• Reportage fatal, Shakedown, Joseph Pevney, 1950

    Reportage fatal, Shakedown, Joseph Pevney, 1950 

    Au tout début des années cinquante, le film noir a évolué vers quelque chose de plus dur, de plus social si on peut dire, sans doute à cause de la répression de la chasse aux sorcières que l’HUAC avait engagée contre le film noir. Le personnage du journaliste ou du patron de journal est devenu presque central. Mais si auparavant il existe comme une sorte de chevalier blanc, un héros, celui qui fait sortir la vérité nue du puits et éclaire l’opinion pour consolider la démocratie, il va être maintenant beaucoup plus ambigu. Samuel Fuller qui fut aussi journaliste, va donner quelques scénarios dans ce sens, par exemple Power of the press signé Lew Landers, puis plus tard Scandal Sheet en 1951, signé Phil Karlson[1]. Un journaliste ou un patron de journal peut tout aussi bien être une crapule, ce qui ne l’empêche pas de faire son métier. On a vu cela dans The big clock de John Farrow qui date de 1948[2]. Ici il s’agit d’un photographe qui tente de se faire une place au soleil à tout prix. Mais ça revient au même, c’est la presse qui est mise en question pour son goût du sensationnel et indirectement c’est le goût des Américains pour l’argent qui est dénoncé. Ce film de Joseph Pevney est le premier qu’il tourna en tant que réalisateur. Il sortait alors d’une carrière d’acteur qui n’avait pas été totalement concluante, et dans le film noir, il va donner le meilleur de lui-même. Les scénaristes qui ont œuvré en amont, sont convaincus que le film noir est un excellent véhicule pour la critique sociale. Le premier, Martin Goldsmith, a écrit Detour filmé par Edgar G. Ulmer, et Narrow margin, signé Richard Fleischer, deux films incontournables du cycle classique du film noir. Le second, Aldred Lewis Levitt, a été blacklisté, il avait écrit The boy with green hair pour Joseph Losey, un autre communiste poursuivi par l’HUAC qui dut s’exiler pour avoir la paix.  

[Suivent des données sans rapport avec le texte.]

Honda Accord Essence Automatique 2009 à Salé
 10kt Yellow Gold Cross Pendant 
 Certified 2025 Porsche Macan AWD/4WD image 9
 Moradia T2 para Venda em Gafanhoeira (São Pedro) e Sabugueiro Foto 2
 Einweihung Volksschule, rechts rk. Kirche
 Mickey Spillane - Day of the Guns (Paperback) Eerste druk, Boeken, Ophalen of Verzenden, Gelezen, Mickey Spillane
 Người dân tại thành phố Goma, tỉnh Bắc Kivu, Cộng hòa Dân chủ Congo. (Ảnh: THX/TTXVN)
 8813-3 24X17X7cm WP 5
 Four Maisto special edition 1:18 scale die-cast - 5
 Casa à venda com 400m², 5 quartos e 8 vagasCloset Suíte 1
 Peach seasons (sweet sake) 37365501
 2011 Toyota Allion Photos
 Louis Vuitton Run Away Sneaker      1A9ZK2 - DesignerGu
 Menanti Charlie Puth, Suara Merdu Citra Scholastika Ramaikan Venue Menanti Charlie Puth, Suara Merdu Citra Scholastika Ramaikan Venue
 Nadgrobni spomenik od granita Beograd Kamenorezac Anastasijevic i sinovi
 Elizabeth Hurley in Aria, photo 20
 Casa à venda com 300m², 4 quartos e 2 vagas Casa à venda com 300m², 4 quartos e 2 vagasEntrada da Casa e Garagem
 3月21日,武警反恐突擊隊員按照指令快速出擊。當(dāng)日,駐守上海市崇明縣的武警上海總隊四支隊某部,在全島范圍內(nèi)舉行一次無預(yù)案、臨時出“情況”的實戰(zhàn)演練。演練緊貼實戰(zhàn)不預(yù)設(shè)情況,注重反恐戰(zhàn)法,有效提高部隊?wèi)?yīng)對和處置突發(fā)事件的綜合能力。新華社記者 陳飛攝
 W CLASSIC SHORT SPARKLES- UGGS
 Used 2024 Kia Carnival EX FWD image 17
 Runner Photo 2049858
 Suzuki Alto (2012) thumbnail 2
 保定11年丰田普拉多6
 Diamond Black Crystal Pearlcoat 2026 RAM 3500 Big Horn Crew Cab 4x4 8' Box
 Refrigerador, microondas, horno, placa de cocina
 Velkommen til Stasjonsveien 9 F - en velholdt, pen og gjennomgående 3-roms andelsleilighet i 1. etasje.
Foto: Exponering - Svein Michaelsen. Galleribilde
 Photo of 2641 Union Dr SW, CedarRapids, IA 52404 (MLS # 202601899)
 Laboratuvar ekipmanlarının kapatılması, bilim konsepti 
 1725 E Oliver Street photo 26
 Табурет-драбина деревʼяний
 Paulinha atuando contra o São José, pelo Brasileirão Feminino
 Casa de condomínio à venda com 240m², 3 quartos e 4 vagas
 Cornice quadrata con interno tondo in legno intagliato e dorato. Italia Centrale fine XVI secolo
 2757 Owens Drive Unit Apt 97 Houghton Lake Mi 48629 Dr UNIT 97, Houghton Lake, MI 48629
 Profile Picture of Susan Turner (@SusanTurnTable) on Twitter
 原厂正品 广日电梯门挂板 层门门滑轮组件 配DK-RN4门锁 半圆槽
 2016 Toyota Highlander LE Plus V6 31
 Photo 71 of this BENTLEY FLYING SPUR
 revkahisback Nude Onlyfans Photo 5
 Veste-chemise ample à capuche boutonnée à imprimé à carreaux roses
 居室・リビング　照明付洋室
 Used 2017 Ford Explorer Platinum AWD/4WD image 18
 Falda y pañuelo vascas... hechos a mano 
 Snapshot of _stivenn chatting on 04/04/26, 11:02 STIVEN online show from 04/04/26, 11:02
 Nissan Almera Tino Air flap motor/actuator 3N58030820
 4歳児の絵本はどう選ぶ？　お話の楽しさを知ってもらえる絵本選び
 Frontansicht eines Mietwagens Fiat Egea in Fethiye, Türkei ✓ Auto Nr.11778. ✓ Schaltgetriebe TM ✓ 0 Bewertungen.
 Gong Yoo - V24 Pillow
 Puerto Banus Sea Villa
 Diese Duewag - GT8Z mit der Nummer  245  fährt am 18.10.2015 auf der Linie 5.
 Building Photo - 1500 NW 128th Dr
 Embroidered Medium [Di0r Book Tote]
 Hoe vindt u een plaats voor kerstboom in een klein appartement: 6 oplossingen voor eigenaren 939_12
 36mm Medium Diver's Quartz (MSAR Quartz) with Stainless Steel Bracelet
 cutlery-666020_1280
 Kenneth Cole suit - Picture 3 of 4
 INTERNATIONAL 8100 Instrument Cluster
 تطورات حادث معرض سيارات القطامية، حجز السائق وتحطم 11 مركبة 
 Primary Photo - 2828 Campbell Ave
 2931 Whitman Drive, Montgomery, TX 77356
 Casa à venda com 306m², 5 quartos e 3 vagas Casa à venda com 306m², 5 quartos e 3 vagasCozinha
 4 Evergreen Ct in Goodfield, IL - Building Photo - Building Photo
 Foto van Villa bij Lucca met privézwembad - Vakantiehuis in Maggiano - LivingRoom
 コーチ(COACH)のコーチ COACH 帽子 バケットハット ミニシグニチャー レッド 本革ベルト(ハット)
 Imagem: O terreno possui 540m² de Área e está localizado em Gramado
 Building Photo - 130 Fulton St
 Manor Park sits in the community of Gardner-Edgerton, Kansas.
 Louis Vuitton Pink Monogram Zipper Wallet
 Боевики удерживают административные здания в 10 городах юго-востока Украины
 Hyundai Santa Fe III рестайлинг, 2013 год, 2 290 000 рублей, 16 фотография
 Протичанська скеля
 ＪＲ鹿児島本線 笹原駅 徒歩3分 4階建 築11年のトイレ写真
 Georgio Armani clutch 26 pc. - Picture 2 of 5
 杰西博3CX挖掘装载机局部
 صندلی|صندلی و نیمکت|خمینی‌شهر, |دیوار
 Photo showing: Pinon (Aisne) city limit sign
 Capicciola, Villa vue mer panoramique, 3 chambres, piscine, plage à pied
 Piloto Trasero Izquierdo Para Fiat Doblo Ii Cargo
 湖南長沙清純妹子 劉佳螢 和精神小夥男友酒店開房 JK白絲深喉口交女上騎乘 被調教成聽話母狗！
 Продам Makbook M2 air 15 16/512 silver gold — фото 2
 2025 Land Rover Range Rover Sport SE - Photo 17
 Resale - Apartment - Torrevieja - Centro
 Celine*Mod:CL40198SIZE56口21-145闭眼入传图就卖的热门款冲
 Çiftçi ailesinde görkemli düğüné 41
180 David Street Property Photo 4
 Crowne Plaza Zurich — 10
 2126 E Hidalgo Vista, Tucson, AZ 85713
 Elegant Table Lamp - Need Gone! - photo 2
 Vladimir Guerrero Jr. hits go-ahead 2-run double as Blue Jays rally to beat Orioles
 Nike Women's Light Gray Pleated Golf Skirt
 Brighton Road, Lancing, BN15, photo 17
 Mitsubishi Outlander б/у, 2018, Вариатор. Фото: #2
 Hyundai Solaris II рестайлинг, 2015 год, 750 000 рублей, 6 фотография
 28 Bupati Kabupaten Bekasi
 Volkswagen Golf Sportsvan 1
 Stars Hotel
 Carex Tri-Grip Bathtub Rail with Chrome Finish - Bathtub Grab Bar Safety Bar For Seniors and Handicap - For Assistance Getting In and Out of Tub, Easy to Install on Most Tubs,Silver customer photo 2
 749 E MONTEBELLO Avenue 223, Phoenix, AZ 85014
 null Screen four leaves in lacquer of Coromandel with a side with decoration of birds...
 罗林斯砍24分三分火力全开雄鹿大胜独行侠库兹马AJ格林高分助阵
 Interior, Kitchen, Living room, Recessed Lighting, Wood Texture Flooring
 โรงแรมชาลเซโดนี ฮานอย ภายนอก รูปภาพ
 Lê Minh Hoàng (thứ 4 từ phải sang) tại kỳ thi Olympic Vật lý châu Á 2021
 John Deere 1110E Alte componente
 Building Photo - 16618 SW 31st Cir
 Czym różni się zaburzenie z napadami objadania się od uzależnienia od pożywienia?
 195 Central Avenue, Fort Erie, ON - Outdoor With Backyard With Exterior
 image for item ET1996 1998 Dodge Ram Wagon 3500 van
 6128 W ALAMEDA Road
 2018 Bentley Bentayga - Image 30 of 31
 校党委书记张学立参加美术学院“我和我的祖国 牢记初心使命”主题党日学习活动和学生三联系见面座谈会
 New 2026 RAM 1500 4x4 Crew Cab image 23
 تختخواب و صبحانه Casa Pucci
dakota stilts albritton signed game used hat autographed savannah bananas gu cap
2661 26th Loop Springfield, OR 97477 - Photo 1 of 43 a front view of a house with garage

    Reportage fatal, Shakedown, Joseph Pevney, 1950

    Jack Early a été tabassé pour une photo 

    Jack Early est un photographe qui rêve de gloire et de fortune. Dans des conditions difficiles, il arrive à prendre des photos qui vont l’introduire auprès d’un journal célèbre de San Francisco. Engagé à l’essai grâce à la sollicitude de la belle Ellen Bennett, il va rapidement percer grâce à des photos scabreuses. Un homme qui se noie en voiture, une femme qui saute d’un immeuble en flammes, il est toujours sur le coup. Plus difficile il va photographier un truand notoire, Nick Palmer, que personne n’arrive à photographier. Introduit auprès de Palmer, il va être mis sur la piste d’un gros coup monté par l’ennemi de Palmer, un truand ultra-violent, Colton. Le but de Nick est de faire arrêter indirectement Colton par la police, grâce la photo que Nick prendra sur le vif, afin d’éliminer un rival. Au passage Jack qui commence à flirter avec Ellen, jette aussi son dévolu sur Nita Palmer, la femme du gangster. Les choses marchent comme prévu, sauf que Jack ne donne pas au journal les bonnes photos, il préfère les vendre à Colton. Il va le faire chanter après avoir planquer les négatifs chez Ellen qui ne se doute de rien. Il va mentir à Nick et encaisser beaucoup d’argent. En prenant Colton et sa bande en filature, il va prendre en photo Colton en train de trafiquer la voiture de Nick, mais il prend aussi une image de la mort de Palmer. Glover, le patron de Nick commence à être dégouté des combines de Jack. Mais il n’est pas le seul, Ellen qui lui demande de rester au journal pour sauver le poste de Glover, essuie un refus humiliant et ne veut plus le voir. De son côté Jack n’a pas abandonné l’idée de séduire Nita. Il commence à être connu et recherché. Il est approché par une très riche famille, il a l’idée de monter un casse avec l’aide de Colton, réclamant la moitié du butin pour lui-même. Colton accepte. Mais en vérité il va combiner la perte de Jack avec l’aide de Nita. Cette dernière menace de le tuer, il parvient à s’échapper, Nita encaissant au passage une balle perdue. Mais Colton l’attend en haut des escaliers et l’abat. Dans un dernier geste, Jack prend la photo de Colton en train de lui tirer dessus. 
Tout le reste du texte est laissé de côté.